Psalm 30:4
We may apply these words to Christ. We should "give thanks at the remembrance of his holiness" as -

I. GLORIOUSLY INDEPENDENT. The holiness of the creature is derived. It is not by will, or by effort, or by discipline as something that has been wrought out by himself; it is of God. But the holiness of Christ was his own; it was essential to his being; it was the outshining of the glory that he had from eternity (Isaiah 6:3; John 12:41).

II. ABSOLUTELY PERFECT. Thank God, there have been, and there are, good men upon earth; but none of them is perfect. None is good from the first; none is wholly and always good. The holiness of the best is not only derived, but imperfect. This is the confession of every one that is godly when coming before God. But the holiness of Christ was perfect. Nothing could be added to it - nothing higher could be conceived. In this respect be stands alone, the first, and the last, and the only one, in human likeness, who had kept the Law perfectly, and who could say, in the face of enemies and of friends, "Which of you convinceth me of sin?" (John 8:46).

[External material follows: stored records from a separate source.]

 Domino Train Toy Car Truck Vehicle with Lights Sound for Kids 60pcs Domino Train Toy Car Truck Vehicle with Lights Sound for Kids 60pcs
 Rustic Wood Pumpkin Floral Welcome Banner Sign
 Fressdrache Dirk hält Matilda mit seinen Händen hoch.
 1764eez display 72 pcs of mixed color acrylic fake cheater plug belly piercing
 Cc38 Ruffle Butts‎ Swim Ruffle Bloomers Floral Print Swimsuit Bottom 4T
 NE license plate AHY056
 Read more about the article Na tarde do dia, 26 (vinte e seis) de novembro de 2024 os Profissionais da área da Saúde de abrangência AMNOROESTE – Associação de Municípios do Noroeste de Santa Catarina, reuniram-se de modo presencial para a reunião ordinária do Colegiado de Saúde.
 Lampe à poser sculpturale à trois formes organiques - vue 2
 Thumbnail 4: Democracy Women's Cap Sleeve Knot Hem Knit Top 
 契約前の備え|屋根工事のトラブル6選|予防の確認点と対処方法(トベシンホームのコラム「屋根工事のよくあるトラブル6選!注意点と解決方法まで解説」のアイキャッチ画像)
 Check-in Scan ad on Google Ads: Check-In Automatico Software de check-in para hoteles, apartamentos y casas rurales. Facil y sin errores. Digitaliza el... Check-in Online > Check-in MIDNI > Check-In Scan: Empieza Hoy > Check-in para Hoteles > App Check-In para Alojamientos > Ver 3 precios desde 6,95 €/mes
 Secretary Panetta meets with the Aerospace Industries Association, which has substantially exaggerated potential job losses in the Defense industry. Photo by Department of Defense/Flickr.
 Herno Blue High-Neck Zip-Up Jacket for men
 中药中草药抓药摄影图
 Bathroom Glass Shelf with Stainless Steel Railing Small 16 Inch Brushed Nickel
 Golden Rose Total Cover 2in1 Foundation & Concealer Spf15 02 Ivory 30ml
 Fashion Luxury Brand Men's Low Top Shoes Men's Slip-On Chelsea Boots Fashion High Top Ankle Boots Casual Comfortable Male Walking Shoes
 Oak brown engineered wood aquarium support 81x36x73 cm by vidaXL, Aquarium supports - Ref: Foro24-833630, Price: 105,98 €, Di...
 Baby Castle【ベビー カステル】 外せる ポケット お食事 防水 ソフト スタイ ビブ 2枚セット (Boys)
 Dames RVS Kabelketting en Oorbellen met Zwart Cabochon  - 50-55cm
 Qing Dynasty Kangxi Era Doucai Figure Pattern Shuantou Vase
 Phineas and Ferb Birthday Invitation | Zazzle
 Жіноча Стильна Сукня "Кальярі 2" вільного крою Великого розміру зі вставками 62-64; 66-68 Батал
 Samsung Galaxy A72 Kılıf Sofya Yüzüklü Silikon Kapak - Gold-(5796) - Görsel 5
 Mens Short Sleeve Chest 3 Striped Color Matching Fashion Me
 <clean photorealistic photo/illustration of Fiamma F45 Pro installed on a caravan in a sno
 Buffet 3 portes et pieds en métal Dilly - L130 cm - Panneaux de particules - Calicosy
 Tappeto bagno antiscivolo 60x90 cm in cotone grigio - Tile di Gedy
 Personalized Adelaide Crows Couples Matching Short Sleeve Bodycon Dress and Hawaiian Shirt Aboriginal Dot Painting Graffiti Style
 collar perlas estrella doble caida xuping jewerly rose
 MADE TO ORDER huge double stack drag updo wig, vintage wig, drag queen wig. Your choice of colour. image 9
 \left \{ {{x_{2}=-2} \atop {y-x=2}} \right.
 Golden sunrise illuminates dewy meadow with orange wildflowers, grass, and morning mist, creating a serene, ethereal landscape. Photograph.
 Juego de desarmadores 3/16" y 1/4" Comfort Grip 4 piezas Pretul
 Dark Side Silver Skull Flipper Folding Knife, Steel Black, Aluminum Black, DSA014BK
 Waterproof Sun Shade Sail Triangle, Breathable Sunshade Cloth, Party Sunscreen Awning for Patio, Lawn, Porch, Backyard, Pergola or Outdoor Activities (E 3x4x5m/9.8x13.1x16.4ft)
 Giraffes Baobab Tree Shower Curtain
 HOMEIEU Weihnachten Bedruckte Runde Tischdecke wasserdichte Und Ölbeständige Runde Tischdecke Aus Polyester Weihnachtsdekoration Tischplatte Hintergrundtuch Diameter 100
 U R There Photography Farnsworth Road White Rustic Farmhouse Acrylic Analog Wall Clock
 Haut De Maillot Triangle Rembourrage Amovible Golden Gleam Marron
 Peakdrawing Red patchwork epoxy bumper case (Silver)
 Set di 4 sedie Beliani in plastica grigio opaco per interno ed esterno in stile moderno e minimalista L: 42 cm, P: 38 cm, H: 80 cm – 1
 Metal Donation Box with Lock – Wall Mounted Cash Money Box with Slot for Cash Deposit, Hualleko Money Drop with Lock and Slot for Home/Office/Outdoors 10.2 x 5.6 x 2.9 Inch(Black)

III. INVIOLABLY PURE. Some may seem pure because they have not been tried. But Christ was subjected to the severest trials and temptations; yet his holy soul was never stained by sin. He was born without sin (Luke 1:35); he lived in an evil world without sin (1 John 3:5); he died without sin (Hebrews 9:14). "Such an High Priest became us:" (Hebrews 7:26).

IV. ETERNALLY BEAUTIFUL. We read of "the beauty of holiness," and it is the supreme and perfect beauty of character.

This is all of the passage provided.